0

I was following Daniel Shiffman's tutorials on how to write your own neural network from scratch. I specifically looked into his videos and the code he provided in here. I rewrote his code in Python, however, 3 out of 4 of my outputs are the same. The neural network has two input nodes, one hidden layer with two nodes and one output node. Can anyone help me to find my mistake? Here is my full code.

import random

nn = NeuralNetwork(2,2,1)
inputs  = np.array([[0, 0], [1, 0], [0, 1], [1, 1]])
targets = np.array([[0], [1], [1], [0]])
zipped = zip(inputs, targets)
list_zipped = list(zipped)

for _ in range(9000):
    x, y = random.choice(list_zipped)
    nn.train(x, y)

output = [nn.feedforward(i) for i in inputs]

for i in output:
   print("Output ", i)

#Output  [ 0.1229546]  when it should be around 0
#Output  [ 0.6519492]  ~1
#Output  [ 0.65180228] ~1
#Output  [ 0.66269853] ~0

EDIT_1: I tried debugging my code by choosing all weights and bias' values to 0.5. I did this in both my code and Daniel's. This obviously ended up showing me all outputs with the same value.
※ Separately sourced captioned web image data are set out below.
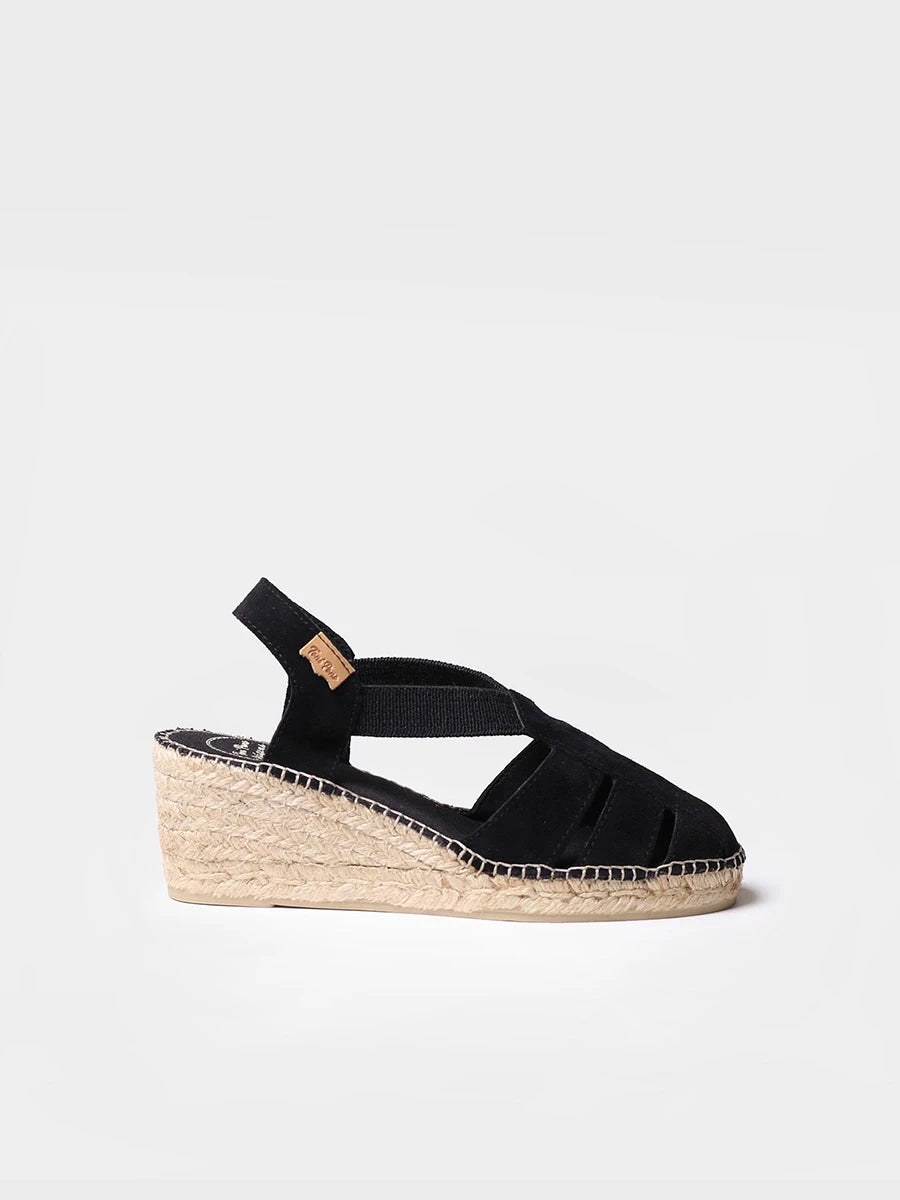 Toni Pons Trapa espadrilles cuir compensées 6 cm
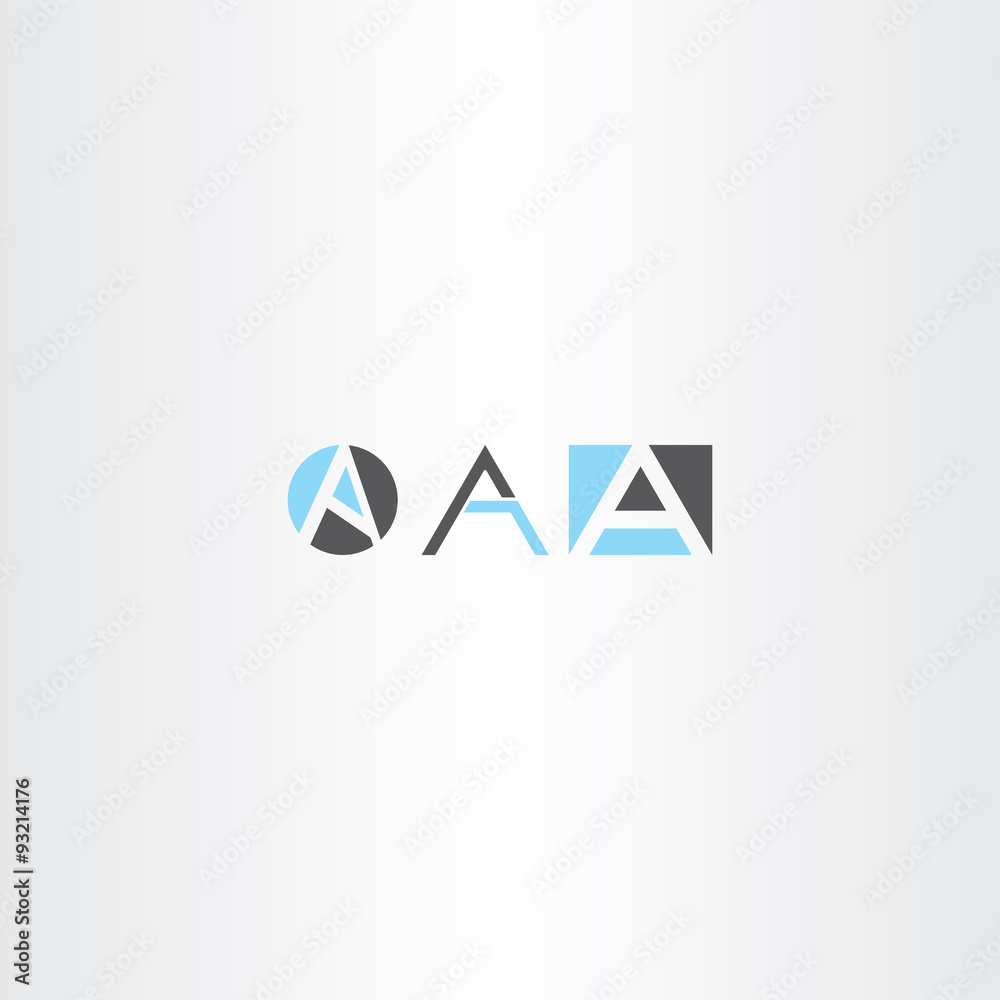 Fototapeta premium letter a logo set gray blue icon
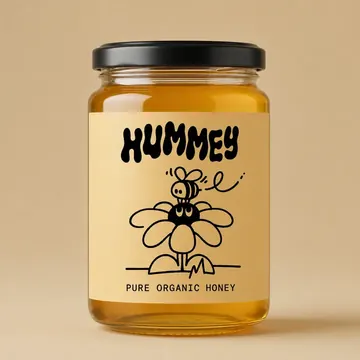 Honey Packaging for Hummey - AI-generated packaging design concept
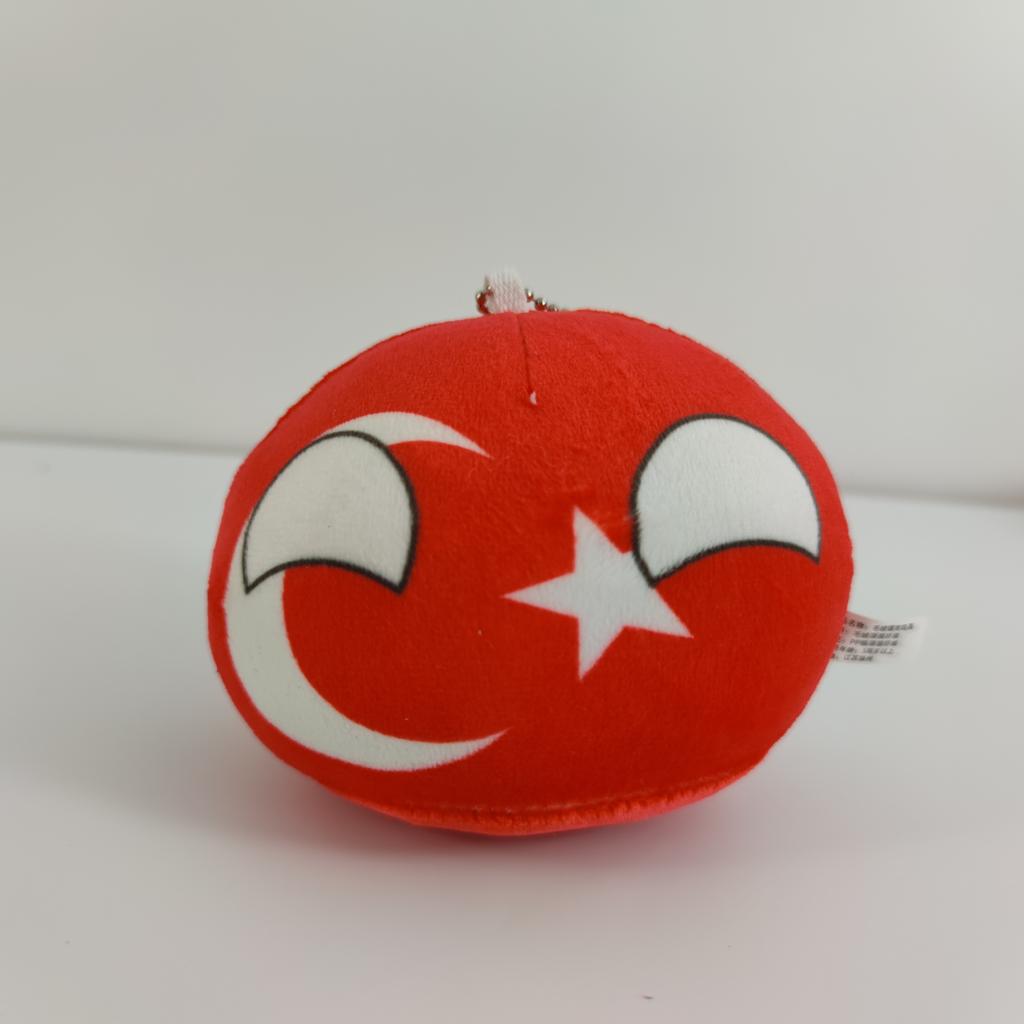 10cm Polandball Mini Plush Toy Kazakhstan Israel Palestine Iraq Egypt Countryball Anime Peripheral Gifts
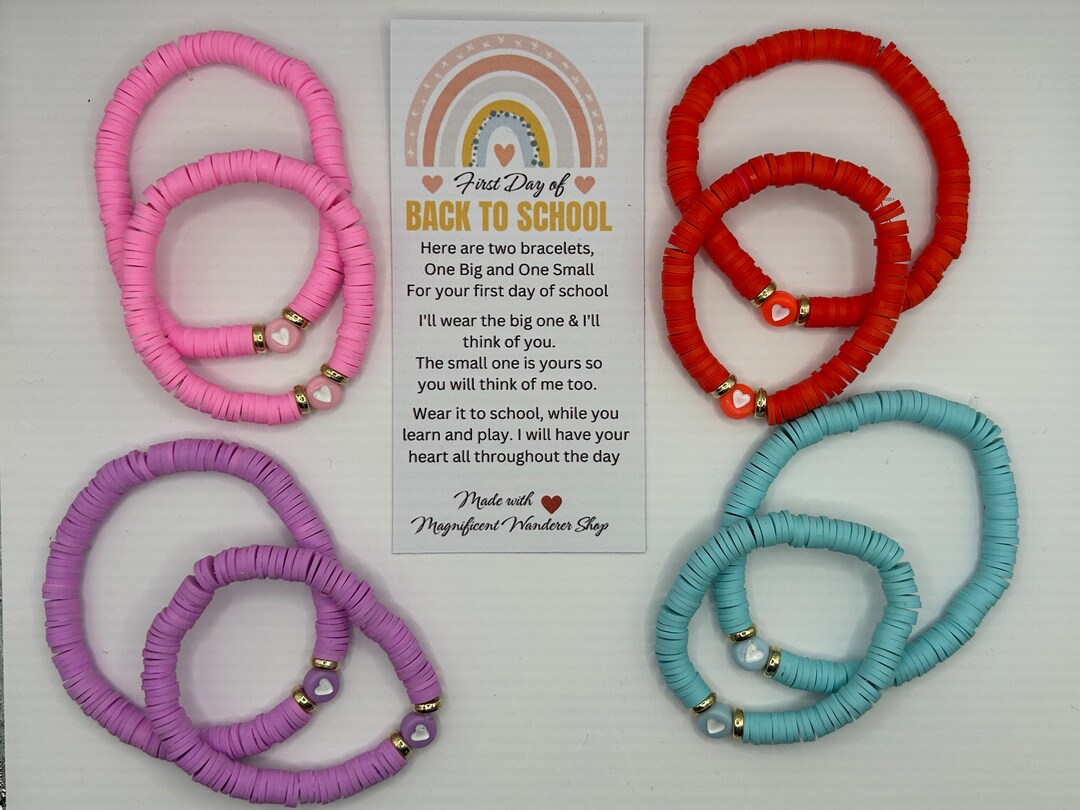 Mommy and Me Back to School Bracelet Set, Back to School Bracelet, Back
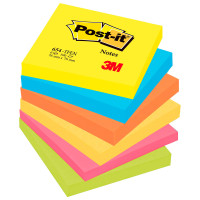 3M Energetic Post-it Notes (76x76mm) 6-pack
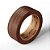 Fita de Borda Nogueira Cádiz 64mm Rolo de 20m Duratex Rehau - Imagem 1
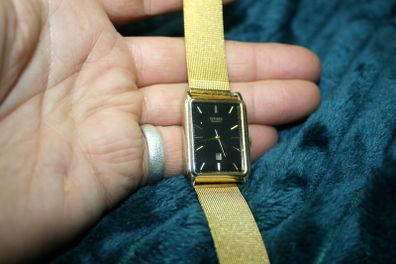 Vintage Citizen  black face Watch ,Quartz (fresh battery works fine)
After that I increased my weights and bias' values variety from [0 , 1) to [-1, 1). By running this a few times, I would sometimes get the correct output:

[ 0.93749991] # should be ~1
[ 0.93314793] # ~1 
[ 0.07001175] # ~0
[ 0.06576194] # ~0

If I ran nn.train() 100 000 times, I get the correct output 2/3 times. Is this the issue of gradient descent, where it converges to the local minima?

Gabriele
  • 243
  • 1
  • 9

1 Answers1

2

Local minima.

You have the exact same issue of this question. If you randomize your initial weights, you'll see sometimes you get the correct results, and others you won't. It's because when the weights are initialized with a certain range of values, they will converge to a local minima which you cannot escape with a low learning rate.

A simple solution is to increase the size of your hidden layer, which will make the network more robust to such issues.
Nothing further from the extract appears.